DEPUTY UPPER TRIBUNAL JUDGE CHAMBERLAIN

Between

SECRETARY OF STATE FOR THE HOME DEPARTMENT
Appellant
and

KF
(ANONYMITY ORDER MADE)
Respondent


Representation:

For the Appellant: Mrs. R. Arif, Senior Home Office Presenting Officer
For the Respondent: Ms. H. Masih, Counsel instructed by Braitch Solicitors

Heard at Birmingham Civil Justice Centre on 5 March 2024


Order Regarding Anonymity   
   
Pursuant to rule 14 of the Tribunal Procedure (Upper Tribunal) Rules 2008, the appellant is granted anonymity.    
   
No-one shall publish or reveal any information, including the name or address of the appellant, likely to lead members of the public to identify the appellant.  Failure to comply with this order could amount to a contempt of court.   
   

DECISION AND REASONS

1. In a decision promulgated on 8 December 2023 I set aside the decision of the First-tier Tribunal. The appeal came before me to be remade.

2. For the purposes of this appeal I refer to KF as the appellant, and to the Secretary of State as the respondent, reflecting their positions as they were before the First-tier Tribunal.

The hearing

3. I heard oral evidence from the appellant. He was assisted by Mr. Gould, the interpreter, who confirmed before proceeding that they both fully understood each other. The language used was French. Both representatives made oral submissions.
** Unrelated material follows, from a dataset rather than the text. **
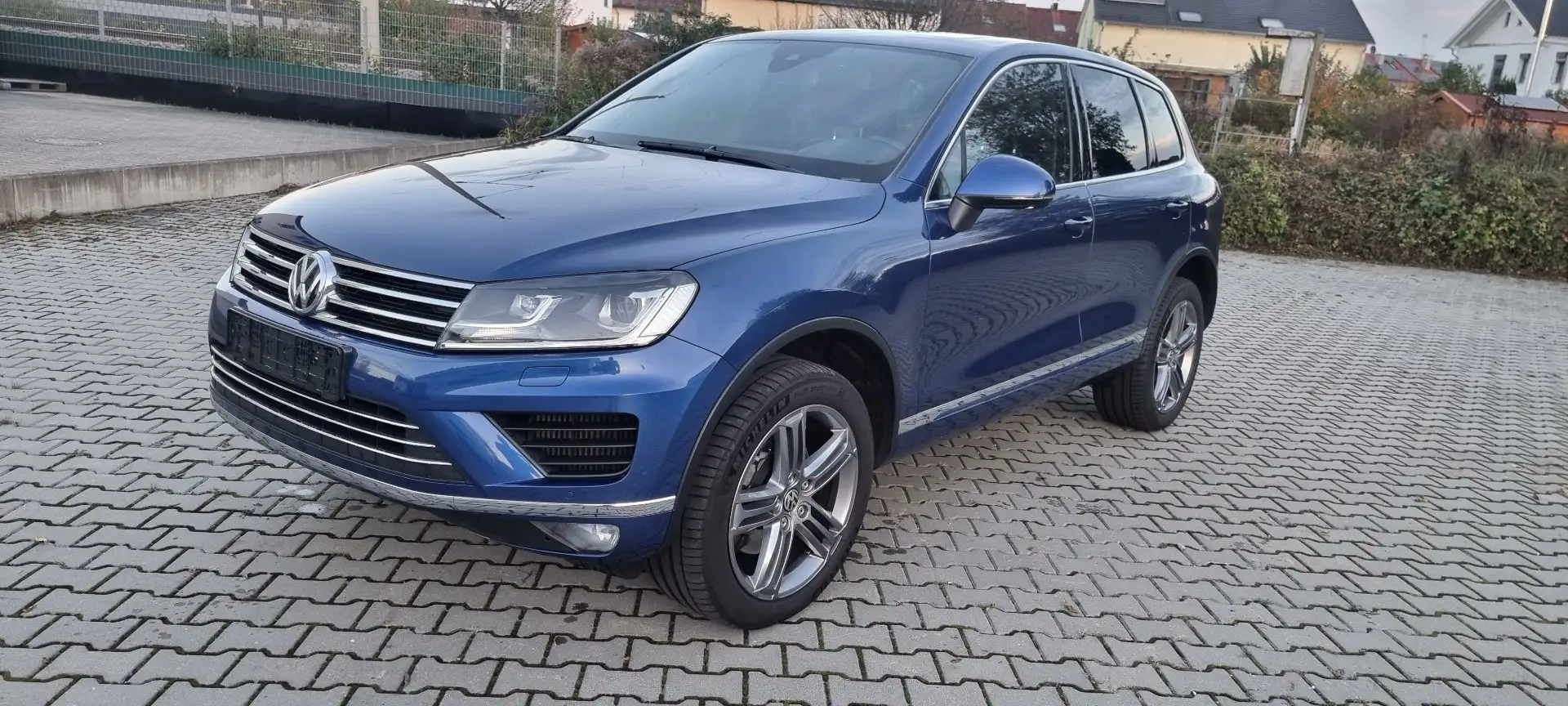 Volkswagen Touareg 4.2 V8 TDI DPF 4Motion Automatik - 2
I reserved my decision.

4. I have taken into account the documents in the bundle provided for the remaking hearing (225 pages), and an updated skeleton argument. Although Ms. Arif had not received the bundle, it does not contain any new material, and she confirmed that she was ready to proceed.

Issues before the Tribunal

5. As stated in my error of law decision at [28] there was no cross-appeal against the finding that the appellant’s claim did not fall within the Refugee Convention. This finding was therefore preserved. Therefore, although it was submitted in the skeleton argument that the appeal should be allowed on asylum grounds, it was confirmed at the start of the hearing that the appeal was brought on humanitarian protection, and human rights grounds, Articles 3 and 8, only. Ms. Masih submitted, in relation to Article 8, that the appellant met the requirements of paragraph 276ADE(1)(vi) of the immigration rules.
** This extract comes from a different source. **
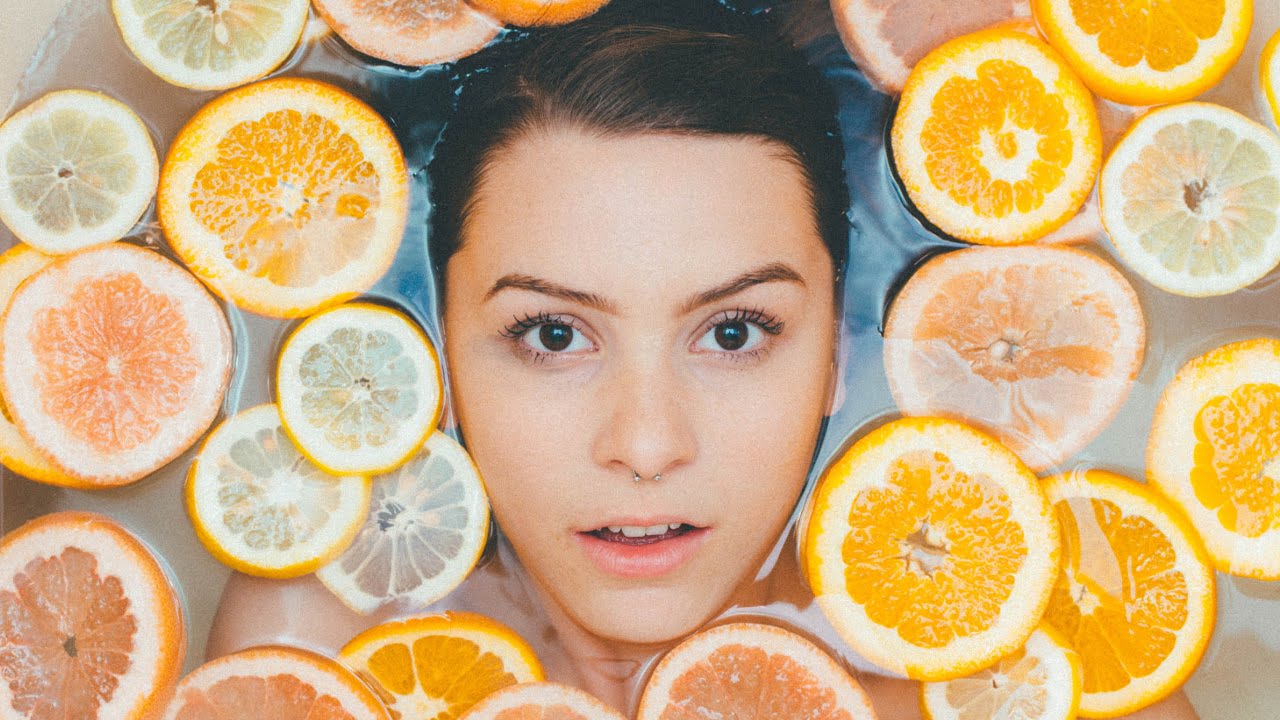 女性がお風呂でオレンジに囲まれる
6. The appellant’s account of events in Guinea and of his journey to the United Kingdom is accepted by the respondent. The respondent does not accept that there is a risk on return to the appellant on account of these events or on account of his personal circumstances.

7. The appellant is required to show that there are substantial grounds for believing that, if returned to Guinea, he would face a real risk of suffering serious harm, in which case he is to be granted humanitarian protection. Alternatively, he is required to show that returning him to Guinea would cause the United Kingdom to be in breach of its obligations under the ECHR, as he would be subject to a real risk of torture or inhuman or degrading treatment or punishment of sufficient severity to engage Article 3, or that the decision would breach his right to a private life under Article 8.

Decision and reasons

8. The appellant arrived in the United Kingdom on 16 September 2019. At the time he was 15 years old. He claimed asylum on 9 October 2019, but no decision was made on his claim until 19 December 2022, some three years later, when he had just turned 19 years old. He was therefore not granted leave as an unaccompanied asylum seeking child.

Humanitarian protection and Article 3

9. I find that the appellant has no identity documentation from Guinea, be that a birth certificate, a passport, or a national ID card. In his decision, the respondent stated when considering internal relocation:

“62. The source goes on to say that ‘The government requires all citizens older than 18 to carry national identification cards, which they must present on request at security checkpoints’.

63. According to external information, Guineans are able to obtain their passports from embassies, and the law permits Guineans to obtain replacement birth certificates.

64. Based on the individual circumstances of your claim and the background information set out above, it is considered reasonable to expect you to relocate to another area of your home country, such as Camayenne or Nzerekore.”

The respondent cited the following documents:

“USSD, 2021 Country Report on Human Rights Practices: Guinea, section D”.

“Refworld | Guinea: Passports and identity cards, including format; requirements and process for obtaining a passport and an identity card, both in the country and abroad; shortage of passports and identity cards (2014-September 2017); Refworld | Guinea: Requirements and procedure to obtain a birth certificate extract, including from abroad; information indicated on the document; incorrect or fraudulent birth certificate extracts (2009-September 2016)”.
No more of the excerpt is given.